Talvez esperança, alívio, culpa e até medo, quando penso no futuro e no quanto

posso me machucar com tudo o que vem acontecendo. Uma mente confusa não é bem o

que eu preciso no momento.

— Então... — parece

pensar por um momento, assim que conto tudo o que minha mente suportou. — Ela

deu essa ideia, de serem namorados? E acha que seria uma boa escolha? —

pergunta minha mãe, cruzando os braços.

— Bem — engulo em seco

antes de responder. — Acredito que sim. Ou não?

— Eu não sei, filho. Isso

vai depender do quanto você gosta dela.

— Se for muito?

— Então... Não sei, pode

ser um problema. Quero dizer, você pode se apegar, não é? — ela pergunta,

colocando-se de pé. Coça uma das sobrancelhas.

— E isso seria ruim?

— Quando só um lado se

apega, sim. Não tenho dúvida que ela seja uma garota incrível. Do jeito que

você fala, parece mesmo alguém bem especial. Mas você tem certeza que quer

continuar com isso? Tudo bem ir ao casamento ou comprar roupas, vejo que ela

está se empenhando. Mas fingir ser um casal? Por quê?

Por

quê?

Não havia pensado nessa

pergunta. Maia me disse que seria bom para termos intimidade, mas por que

exatamente? Meu primo não se importaria com isso. E tenho certeza que outras

pessoas também não. Então por quê?

— Vejo que está tão

pensativo quanto eu — minha mãe sorri. — Bom... — estica os braços para cima,

alongando-os. Um gemido escapa de sua boca. — Agora é hora de dormir, filho. O

dia foi cansativo e tudo o que precisamos é de uma boa noite de sono, não é?

— Não tenho certeza —

sorrio. — Mas tentarei não pensar o bastante por hoje. Acho que preciso mesmo

descansar.

— Eu não tenho dúvida —

minha mãe caminha até onde estou. — Boa noite, filho — se abaixa e beija minha

cabeça, esfregando meus cabelos em seguida, que já não está tão bagunçado e

despenteado. — Adorei o que fez no cabelo. Deveria tentar mais vezes — diz ela,

exibindo seus dentes perfeitos.

— Pode deixar. Farei o

possível para parecer normal — digo.

Pouco tempo depois minha

mãe apaga a luz do quarto e fecha a porta, deixando-me só outra vez. Tento não

pensar em Maia e o porquê de decidir ser minha namorada de aluguel, mas não

consigo. Sinto como se não fosse capaz de controlar meus próprios pensamentos.

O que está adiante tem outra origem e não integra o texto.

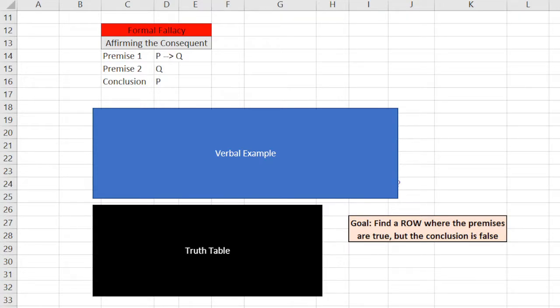Hi everyone and welcome back. In this video I'm going to be going over affirming the consequent and proving that it is a formal fallacy using a truth table. Let's get started.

Por diversas vezes, principalmente quando permanecia por longas horas na frente

da TV, assistindo filmes, já me imaginei em uma Matrix, como se eu não pudesse escolher o meu próprio destino. Mas

não acho que seja o caso. Acredito que nossas escolhas que movem nosso próprio

mundo, sem mãos invisíveis e sem fios de marionete. Somos responsáveis pelo que

somos.

Ou será que estou

engando?

Bem, isso pouco importa.

Ficarei dois dias sem conversar com Maia. David e Helena pelo menos estarão

comigo amanhã, assistindo filmes, como costumamos fazer em todos os primeiros

sábados do mês. Não preciso pensar no futuro, não hoje. Acho que preciso mesmo é

de uma boa noite de sono e descansar.